Implementing a 'SOX Lite' Entity Level Controls (or Risk and Controls Matrix) in your business
Following the The Brydon Review in 2019, there is a real chance that UK listed companies could be required to implement a Sarbanes–Oxley (SOX) equivalent. As per the ICSA website, amongst the recommendations following the review, there was a clear stand out in regards to internal controls:
That the Government gives serious consideration to mandating a UK Internal Controls Statement consisting of a signed attestation by the CEO and CFO to the Board that an evaluation of the effectiveness of the company’s internal controls over financial reporting has been completed and whether or not they were effective, as in SOX 302(c) and (d). This attestation should be received by the Board no later than 28 days before the accounts of the company for the relevant financial period are signed. The Board should then report to shareholders that it has received such an attestation.
Similar to finance and IT controls, entity level controls should be in place for any organisation, regardless if they are required by SOX or not; its simply best practice.
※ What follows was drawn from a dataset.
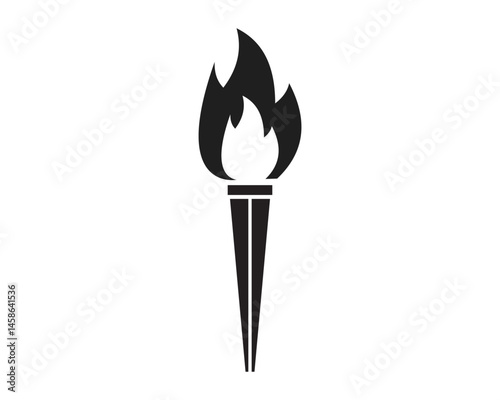 Fire Torch Icons symbol on white background.
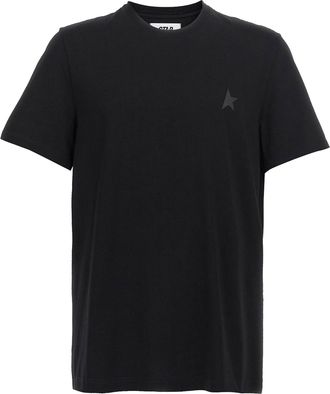 Golden Goose Logo T Shirt Nero-Uomo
These Entity Level Key Controls are there to corporate processes, such as whistle-blower help lines and mandatory training such as the code of conduct training, are all performing / being undertaken as expected.
To assist smaller organisations, we have complied a base 10 entity level key controls which would be expected as a minimum.
You can view an example of the Entity Level Key Controls Database (or Risk and Control Matrix), below:
You can view the free version of the database here.
Alternatively, you can purchase the database here.
Members with a paid subscription can download the template via the Members Area.
How was this list of controls built?
We considered basic Entity Level Controls that are most likely already operating in some form or another within a business. As such, depending on the size, nature, and risks applicable to your business, some of these controls may need to be adapt to be more robust. Nevertheless, these controls are great starting point for any small or medium business.
How do we assess the risk of each control?
For each control, we need to assess the risk. Assessing the risk, in its simplest form, is considering the likelihood of the risk occurring, and the impact if the risk did eventuate. On top of this, we then need to consider the risk appetite of the business. For example, the risk of something occurring might be high, but the impact considered low, as it will only result in a financial loss of say $100 which would be below the company's loss threshold.
How do we know the controls are working?
Our database has been designed so that for each control, there is a supporting control worksheet. Within this control worksheet, the auditor (or member of the business area or other relevant function), must document the nature of the control, and the process which the control is a part of. The frequency and nature of the control (i.e. Automatic or Manual) are captured in this detailed control worksheet, along with the control owner, control risk and accounts relevant to the control.
The audit team must then map the process and embed the process flow into the control worksheet. They must then perform both design and implementation testing, with all workings documented, and an assessment completed at the end which evaluates if the control has been designed and implemented appropriately.
The relevant business area will then perform testing on a monthly basis (or other frequency as already documented) to ensure the control is working as expected.
Internal Audit will then perform both interim and year end testing to also validate the operating effectiveness of the control.
The results from the testing performed by both the business area and Audit are summarised into the overall control register, allowing the business area to easily see their results which can support their annual attestation regarding the controls.
For audit, the results are also summarised into the overall control register, which can be used to provide independent assurance to both the Audit Committee and Board.
When should these controls be implemented?
If not already, they should be implemented now. Control implementation and effectiveness is also an evolving thing; meaning as the business begins to implement controls, they will likely need to be refined and engineered to make sure they are appropriate and robust for the business. By implementing these controls now and refining them over the next 6 to 12 months, both the relevant business areas and Audit can work together to ensure good controls are in place and operating effectively before the UK SOX equivalent becomes a requirement.